Механизм сломан не без помощи народолюбцев-интеллектуалов, и тогда на горизонте появляется фигура «нового русского», воплощающая власть хаоса и беспредела. Если майор — это старая государственность, а Одуванчик — одновременно Карл Маркс и Троцкий антикошачьего движения, то глыбоподобный полубандит, напоминающий скульптуру Ивана Шадра «Булыжник — оружие пролетариата», соотносим с анонимными историческими фигурами — такими, скажем, как беспартийные кряжистые вожди крестьянских партизанских отрядов в Сибири или на Дальнем Востоке. Это бессмертная фигура животного хозяина всей нашей истории, она неискоренима и вечна для России. Ее можно встретить и в «Мертвых душах» Гоголя (Дядя-Митяй и Дядя-Миняй, невесть откуда взявшиеся мужички, которые пытаются распутать сцепившиеся коляски, но чем более прилагают к этому усилий, тем больше безнадежней запутывают постромки). Такие люди вмешиваются в ход событий всегда некстати, не к месту и в конечном итоге одним махом, в сердцах и с нечеловеческой силой разрушают, напрочь уничтожают запутанное ими же самими — разрушают вместе с лошадьми, колясками и седоками, что сидят в колясках.

Удар ломом — и торжествует бессмертная самостихия подспудной животной злобы, а ее жертвой с равным успехом может стать камень, усадьба позапрошлого века, прохожий в очках, одетый попристойнее местных, соперник-предприниматель, чуть успешнее других сосущий соки труженика с оборонного завода, свой же брат работяга, как-то не так, не по-хорошему взглянувший, знакомый уголовный авторитет, зазевавшийся мент… Словом, кто и что угодно. И при этом громила не обязательно злодей. Он просто живет по законам лагерной зоны — иные ему не писаны. И здесь, может быть, главная беда нашего общества, здесь-то и открывается настоящий простор для российских бесов общественности.

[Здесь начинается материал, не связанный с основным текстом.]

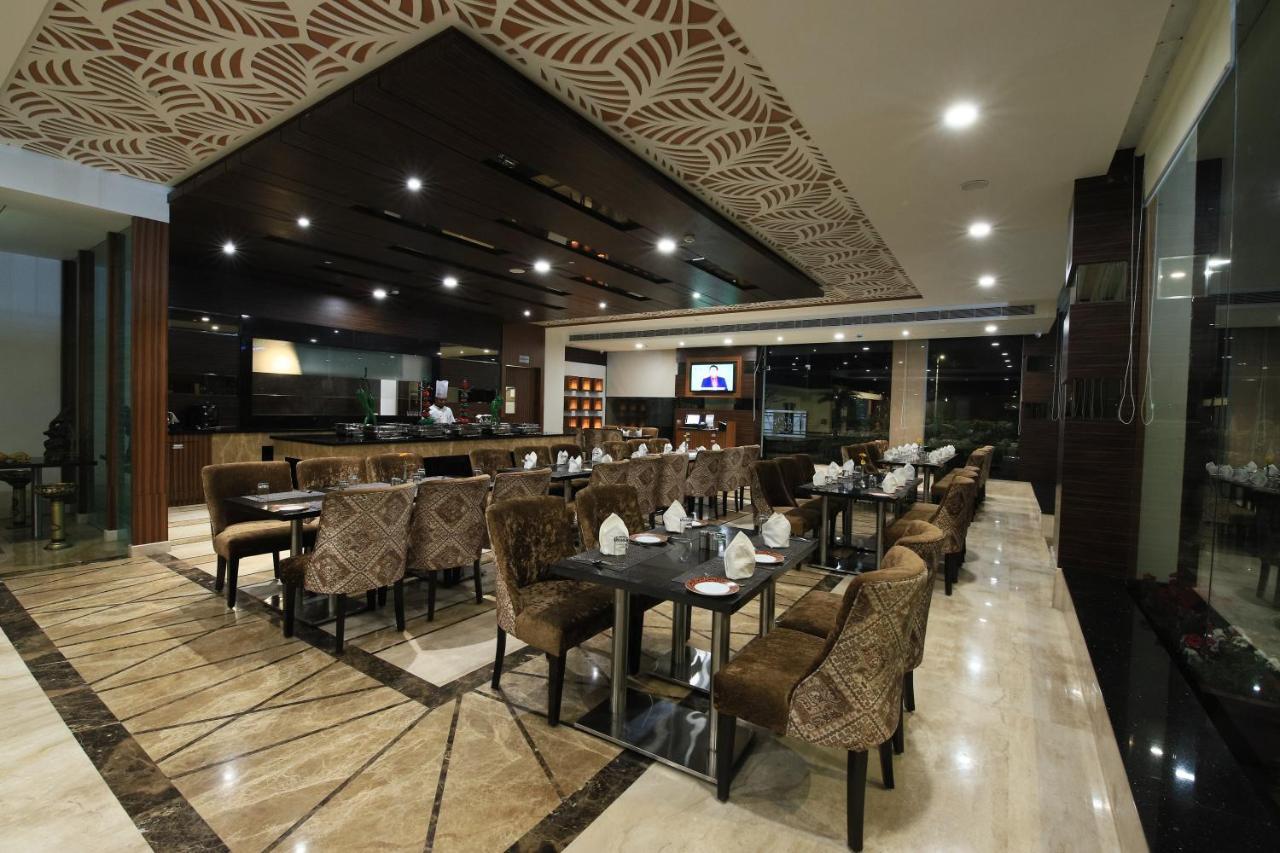 Hotel Aveo By Amatra, Gateway To Corbett Kashipur Esterno foto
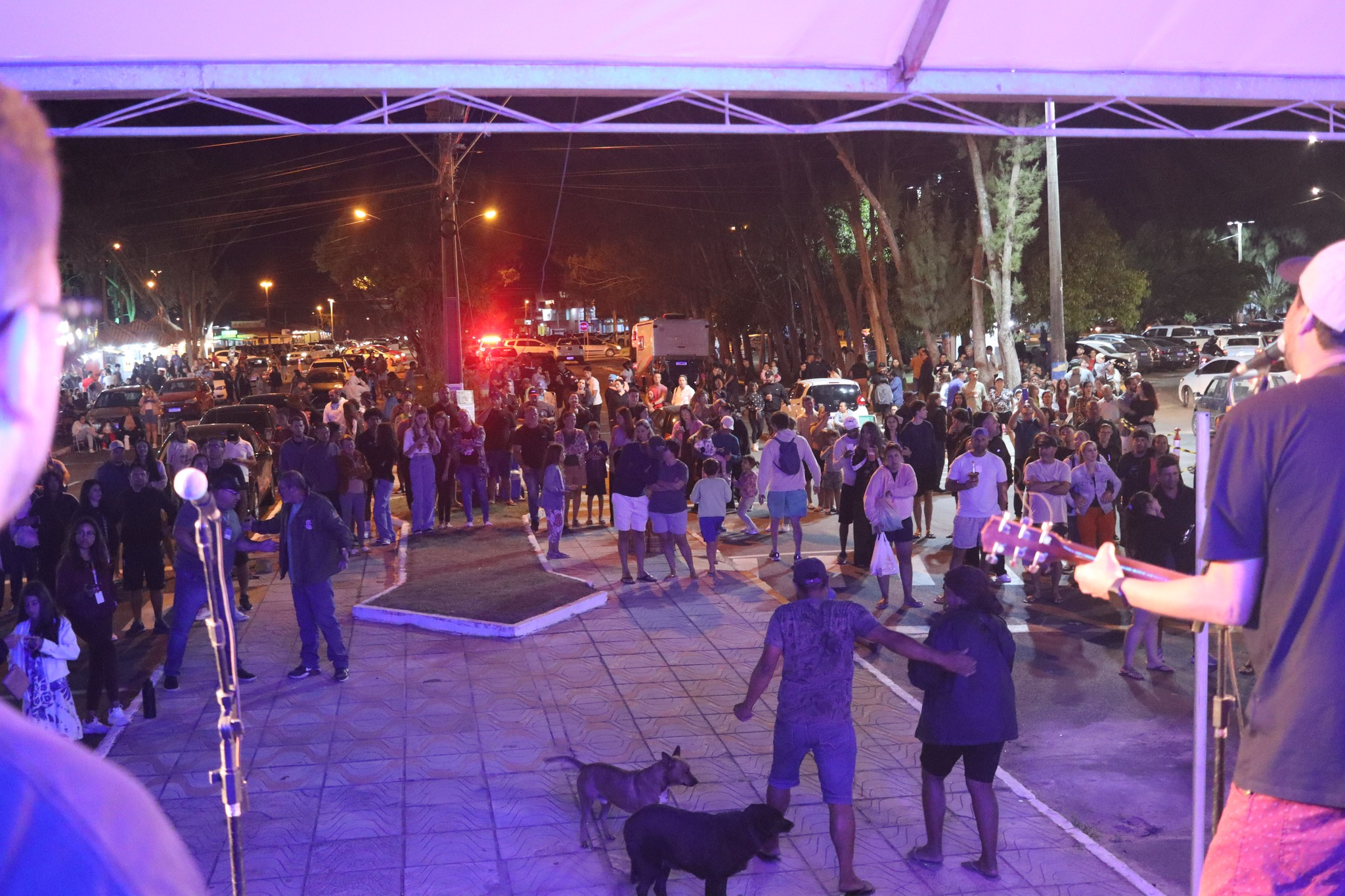OS SHOWS DE VERÃO TAMBÉM TOMARAM CONTA DE NOVA TRAMANDAÍ! 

Итог «Кошачьей истории» пессимистичен. Эсхатологическая напряженность нашей жизни никогда, кажется, не разрешится очистительным кризисом. Перед нами — драматическая динамика российской истории, лишенной освобождающего катарсиса, — иными словами, отсутствие подлинной трагедийности, которое коренится в радикальном недоверии к человеку, к личности.

Но зло приходит к нам не извне, а изнутри, приходит снова и снова, является в разных обличьях, под разными лозунгами и девизами, по сути дела дублирующими одну и ту же незатейливую ложь: «ЗЛО — ЭТО ДРУГИЕ».